Head injuries in sports are a problem. Whilst there are now some rules in place to better support players, contact sports, particularly football and rugby often witness players suffering blows to the head from heading a football, to head-on collisions with other players. The bottom line is that players are at a high risk of suffering a head injury.

Cases of on the pitch collisions, and off the pitch dementia in former players have been highlighted in the news following several high profile cases. Here we take a look at the head injury risks involved in some sports.

Dementia and Football

Research at Glasgow University found that footballers were 3½ times more likely to suffer from dementia and similar conditions. Brain injury charity Headway said further research should focus on modern lightweight footballs.

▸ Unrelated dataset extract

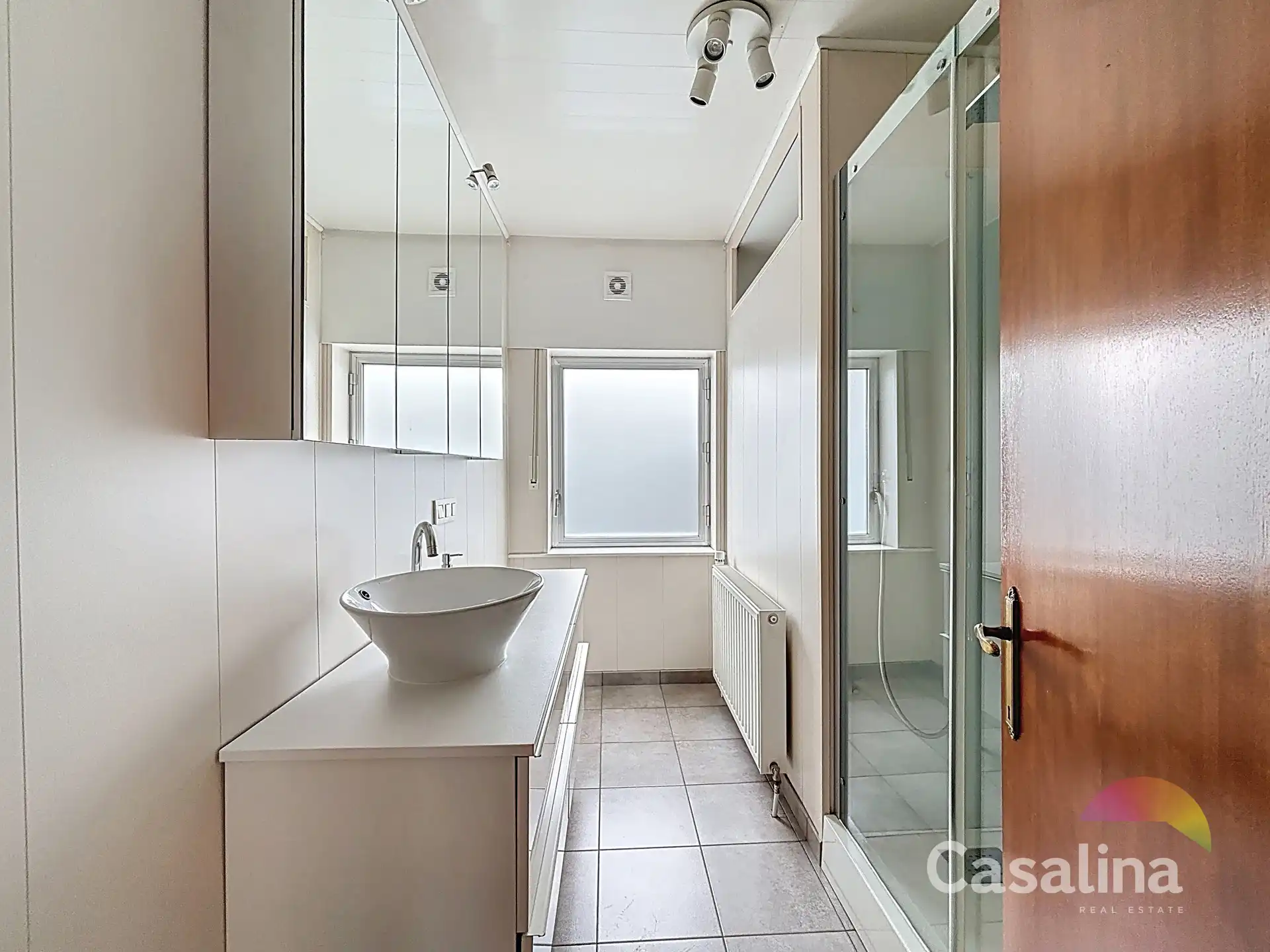 Ruime bungalow van 205 m² in een rustige, groene wijk foto 17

“We welcome the work done by Dr Stewart and his team, but this study was always going to leave a lot of questions unanswered.

“We have known for some time there is a link between the cumulative effect of repeated blows to the head – such as those suffered by boxers – and degenerative neurological conditions such as dementia.

“The fact this long-awaited study has now identified a link in former footballers will no doubt lead to questions about how this will impact the modern game.

“It is vital this research is now built upon, with a particular focus on the relative risks of heading lightweight modern footballs.”

The Jeff Astle Foundation was set up after the death of footballer Jeff Astle who was the ‘first British professional footballer confirmed to have died from chronic traumatic encephalopathy (CTE), a progressive, degenerative brain disease found in individuals (usually athletes) with a history of head injury, often as a result of multiple concussions. In Jeff Astle’s case, it was the repeated, low level brain trauma believed to have been caused from the repeated heading of footballs.’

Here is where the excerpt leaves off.